# My heart goes out to those in Haiti



## ZoeRipper (Jan 13, 2010)

Is anybody else closely monitering the news reports?


----------



## Katnapper (Jan 13, 2010)

I read up on it a little bit ago. Really bad.


----------



## sbugir (Jan 13, 2010)

7.0 on the Richter?


----------



## yeatzee (Jan 13, 2010)

lemmiwinks said:


> 7.0 on the Richter?


yup


----------



## PhilinYuma (Jan 13, 2010)

lemmiwinks said:


> 7.0 on the Richter?


7.3. It doesn't sound much more, but the Richter scale is logrithmic, where each whole number above the last represents the release of 31.6 times more energy (and I'm too full of dinner to check this out!), so a few decimal points represent a lot more energy.

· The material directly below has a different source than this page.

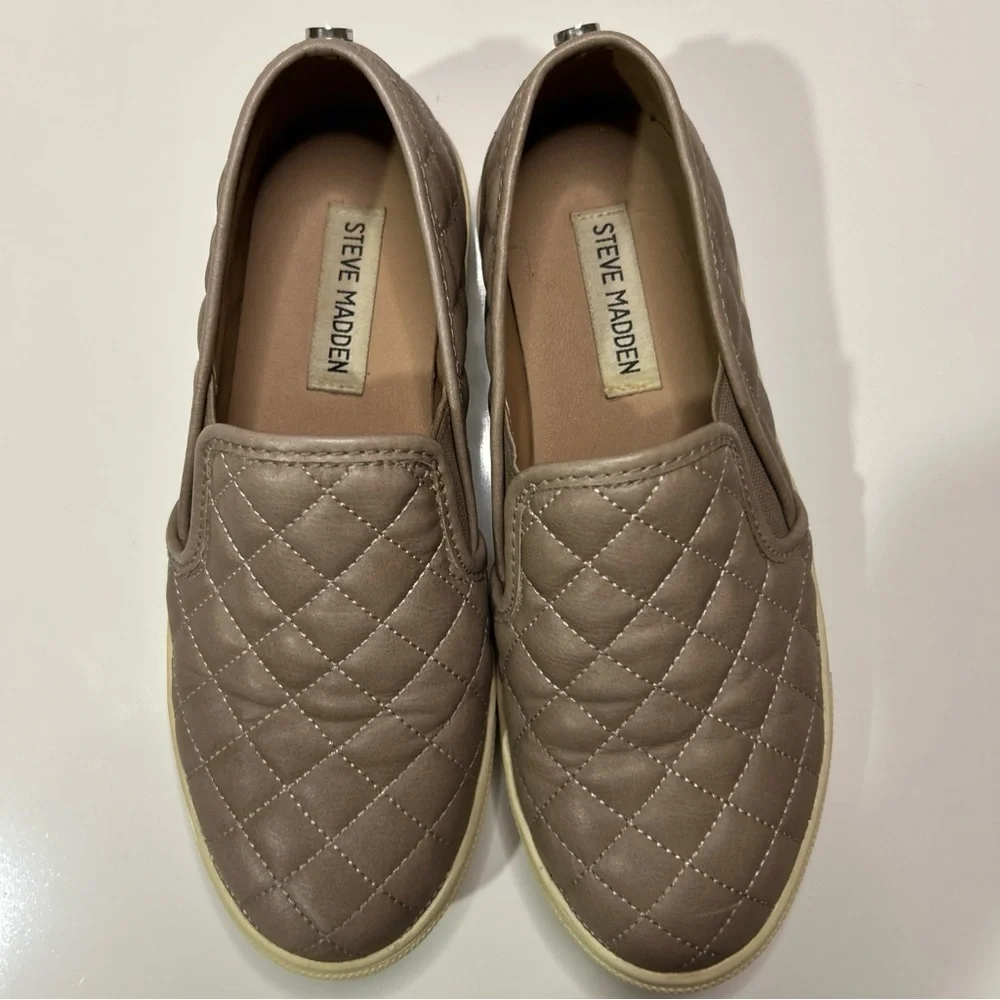 Steve Madden Brown Quilted Flats Women’s 6.5 Shoes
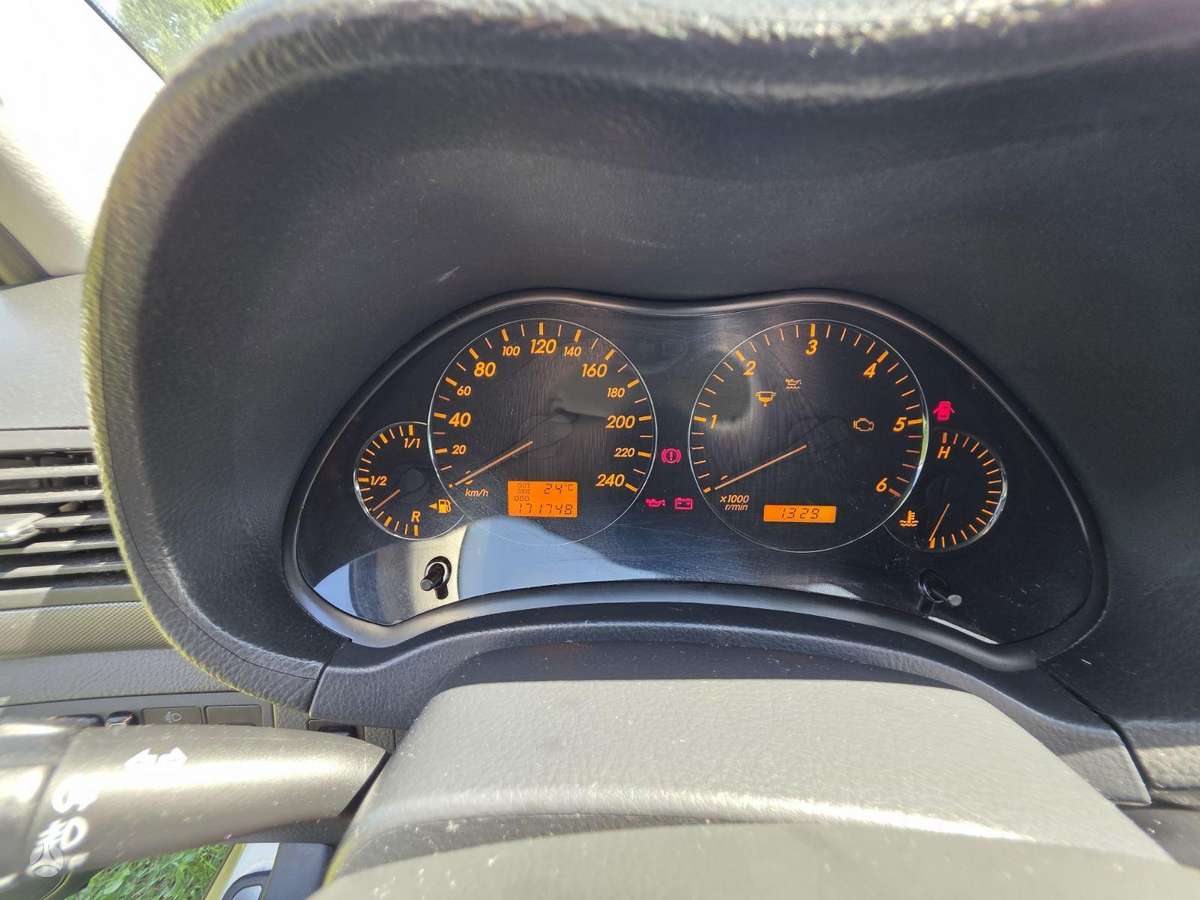 Toyota Avensis - 7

It would be a tragedy anywhere, but Port au Prince is little more than a series of giant slums (cite soleil, Carrefour Feuilles) where public services are all but non existent and where folks will be long dead before American and other rescue services arrive. It's one of the many places on earth that I'm glad not to be from.


----------



## sbugir (Jan 14, 2010)

PhilinYuma said:


> 7.3. It doesn't sound much more, but the Richter scale is logrithmic, where each whole number above the last represents the release of 31.6 times more energy (and I'm too full of dinner to check this out!), so a few decimal points represent a lot more energy. It would be a tragedy anywhere, but Port au Prince is little more than a series of giant slums (cite soleil, Carrefour Feuilles) where public services are all but non existent and where folks will be long dead before American and other rescue services arrive. It's one of the many places on earth that I'm glad not to be from.

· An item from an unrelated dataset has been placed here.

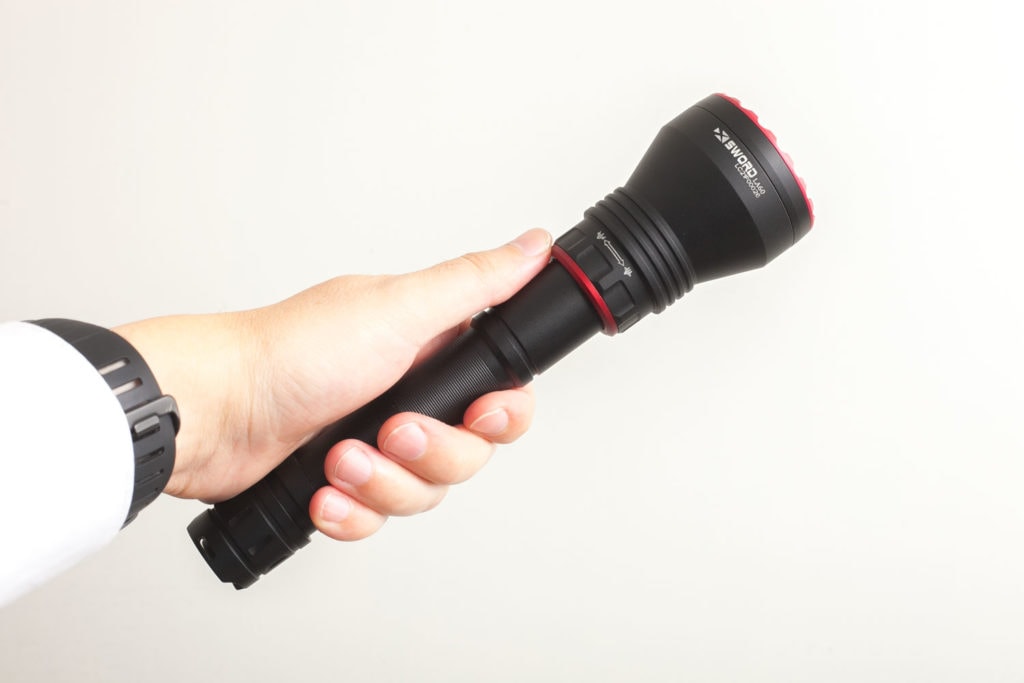 Maxtoch flashlight in hand normal way
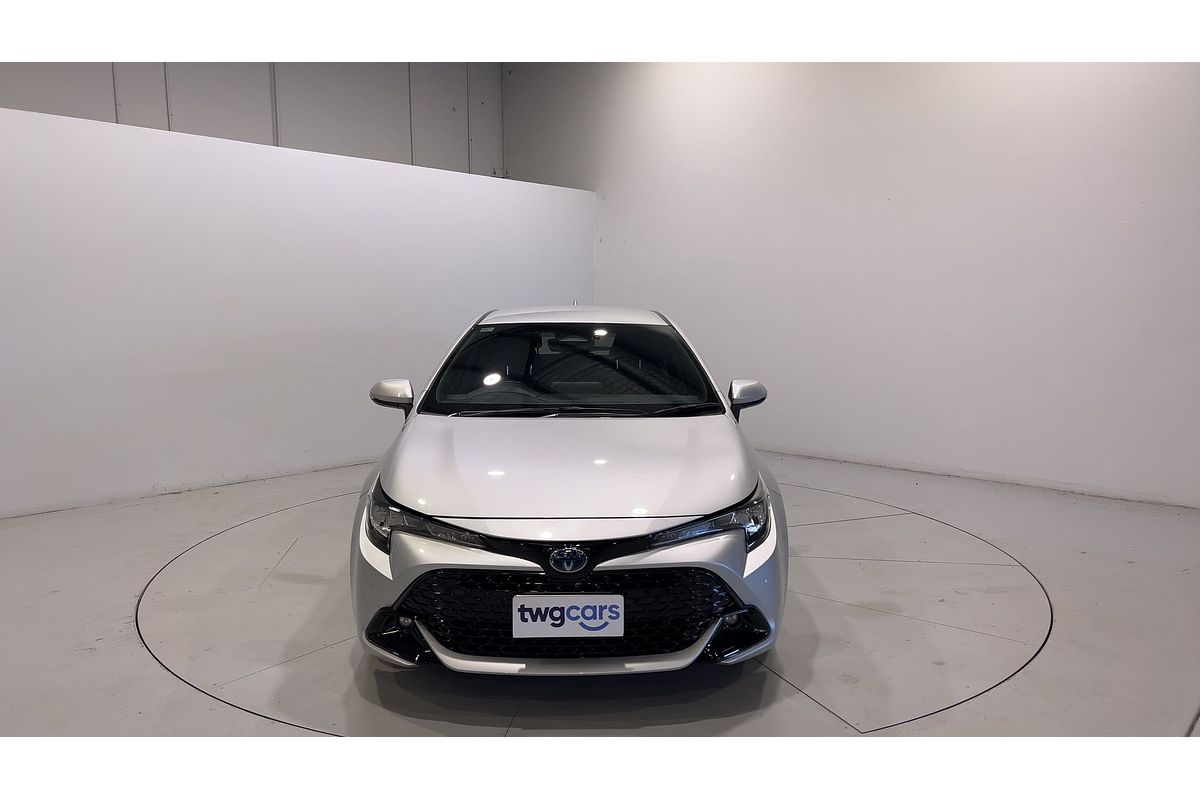 2023 Toyota Corolla SX Hybrid ZWE219R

Phil, isn't logarithmic base 10? 7-8 is 10x more energy released? I'm not sure, I haven't been using logs in a long time  .

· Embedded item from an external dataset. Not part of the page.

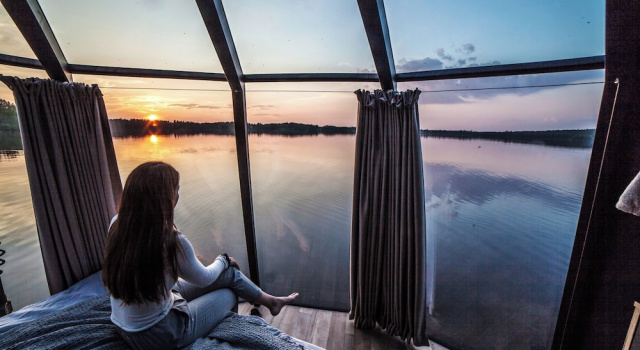 AuroraHut Glass Igloos Ranua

But If I remember sound is logarithmic, the change from 10Dcb to 20Dcb isn't +10, but actually x10? Er, I don't remember. Where did you get the 31.6 times energy from?


----------



## PhilinYuma (Jan 14, 2010)

lemmiwinks said:


> Phil, isn't logarithmic base 10? 7-8 is 10x more energy released? I'm not sure, I haven't been using logs in a long time  .But If I remember sound is logarithmic, the change from 10Dcb to 20Dcb isn't +10, but actually x10? Er, I don't remember. Where did you get the 31.6 times energy from?


Yes it is, for sure. I got the number out of my head where it was lurking in the back. I also remember that wave amplitude and energy are not the same but increase logarithmically. I suspect, when I look it up tomorrow the energy will increase by its square, and 31.6 is about the closest that you'll come to 1,000 with 1 decimal point (or mantissa, as you mathematicians would say!). Hey! Can't you look it up? Try Wikipedia or something!


----------



## sbugir (Jan 14, 2010)

PhilinYuma said:


> Yes it is, for sure. I got the number out of my head where it was lurking in the back. I also remember that wave amplitude and energy are not the same but increase logarithmically. I suspect, when I look it up tomorrow the energy will increase by its square, and 31.6 is about the closest that you'll come to 1,000 with 1 decimal point (or mantissa, as you mathematicians would say!). Hey! Can't you look it up? Try Wikipedia or something!


Ouch low blow. Yeah, (10^x)^3/2, makes sense, Joules -.- damn.


----------



## JohnCon (Jan 14, 2010)

its the end of times


----------



## idolomantis (Jan 14, 2010)

100,000 deaths :mellow: Man...

And the worst part is that oit was actually predicted. Only few miles and 1 richter point off.....

Man...


----------



## ismart (Jan 14, 2010)

Those poor people.


----------



## agent A (Jan 20, 2010)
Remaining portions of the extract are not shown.